Они и были дети. Просто им можно и нужно было убивать других и умирать самим. А когда они чуть-чуть взрослели – кто-то раньше, а Толик вот подзадержался, – им этого делать уже было не нужно. Вернее, они не могли: визибл переставал работать как надо: и четкость пропадала, и скорость реакции, а главное – этот чертов прибор не то что в боевом, а в минимальном ходовом режиме иногда умудрялся выпить пилота-перестарка до донышка, до сухих корочек… Толик не видел Саньку после того, но он видел других, влетевших так же… и иногда чувствовал себя одним из них.

– Старшой! – Ему отчаянно заступил дорогу какой-то скуластый мальчишка. – Возьмите меня вторым! У вас же двушка!

– Отвали, – сказал Толик устало. – Зачем мне второй пилот? Будет просто каша…

– Возьмите, – сказал мальчишка. – Я же понимаю – это наш последний шанс.

– Точно, – хмыкнул Толик. – «Через полчаса те из вас, кто останется в живых, позавидуют мертвым!..» Фамилия?

– Алан! То есть – гардемарин Табасов!

– Борт сорок шесть, стоянка…

– Я знаю, старшой! Спасибо!!!

Все равно, подумал Толик. Не сейчас, так завтра, при высадке десанта. Не завтра, так через день…

Гибель была неизбежна. Убегать не хотелось. Потом он взял планшет и ещё раз – глазами – прочитал то, что сам записал несколько минут назад. Строй – «когти», то есть пять легких «Арамисов» идут разомкнутым пеленгом, слегка отставая и нависая над тройкой более тяжелых сторожевиков, имея целью атаковать тех, кого свяжут боем сторожевики. То есть – за те несколько секунд, которые потребуются имперцам, чтобы разнести сторожевики в пыль, катера должны выйти на цель и выпустить торпеды. Гениальная тактика. Правда, на многих катерах стоят классные пушечки, но ведь это – шпаги против носорогов…

На некоторых патрульных кораблях, что за последние дни бесследно исчезли, растворились в небе, тоже стояли ХДП.

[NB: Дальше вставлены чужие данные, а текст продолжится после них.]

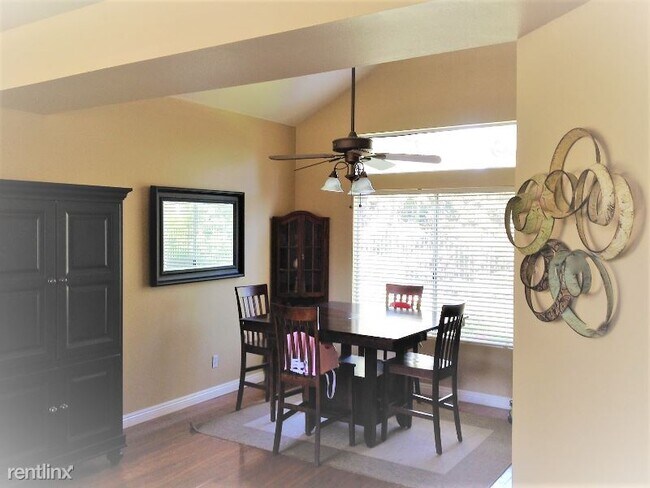 Building Photo - 4 br, 3 bath House - 1752 Crystal Ridge Way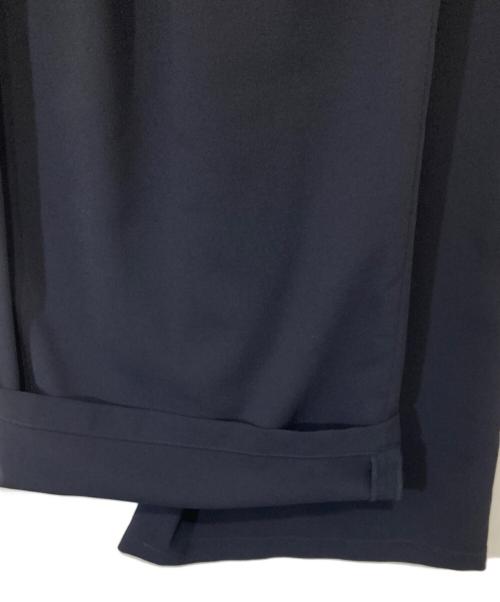ENFOLD（エンフォルド）ENFOLD (エンフォルド) TWO-WAY RELAX ELASTIC PANTS ツーウェイリラックスエラスティックパンツ　300HA231-0250 ネイビー サイズ:36の古着・服飾アイテム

Итак, звено из восьми машин, командир звена капитан Урванцев, точка сбора… место в строю… Потом он как-то внезапно оказался в кругу пилотов, и капитан Урванцев, Мишка Урванцев, прошедший какую-то особую подготовку у марцалов, из-за которой он, восемнадцатилетний парень, до сих пор говорил петушиным голосом и даже не начинал сражаться с прыщами… зато реакция его, даже без визибла, стала потрясающая: так, например, он двумя пальцами вынимал из воздуха пульку пневматического пистолета… капитан Урванцев снова проговорил полетное задание и добавил: плотный строй, минимум маневра, успеть выстрелить, прочее не важно. Мы идем первой волной и скорее всего сгорим все до одного – но дадим развернуться второй волне, тяжелым силам, в том числе секретным кораблям, ещё не появлявшимся в небе. Главное – вырубить этих гадов как можно больше…

Потом Толик подошелк своей «двушке» с нарисованной на борту желтой руной-молнией «зиг» (естественно, после каждого полета её приходилось рисовать заново, этим занимались механики – считали, что всяческие черные коты, тузы, магические звезды и прочие волшебные символы в бою дорогого стоят, – отсутствующей брони-то уж точно), хлопнул по плечу Алана (как фамилия? забыл… вот черт…) и забрался внутрь кораблика. До взлета было ещё полчаса.

Кажется, он почти отключился. Он присутствовал, но не участвовал. Без него переставляли на белом бетоне черные блестящие машинки. Они казались игрушечными. Потом что-то произошло.

Что-то произошло… Взошло солнце? Нет, что-то еще…

Понадобилось что-то вроде – внутренне вздрогнуть, проснуться, встать, – чтобы начать понимать, что изменилось.

Над жучьими спинками «Арамисов» и сверкающими горбами «Портосов» появились алые узкие, откинутые назад и нервно изломанные у самого верха кили марцальских «Звездных птиц»! Их было много! Их были десятки, и сейчас Толик, вскочив в кокпите, видел, как на дальний конец полосы заходит, плавно разворачиваясь и планируя на крыле, ещё по крайней мере полк полного состава – синевато отсвечивающие крестики плотными, крыло к крылу, тройками, и этих троек не меньше двадцати…

Толик слышал, как, перекрывая общий фон голосов, рядом с ним вопит Алан, а потом понял, что точно так же вопит и он сам.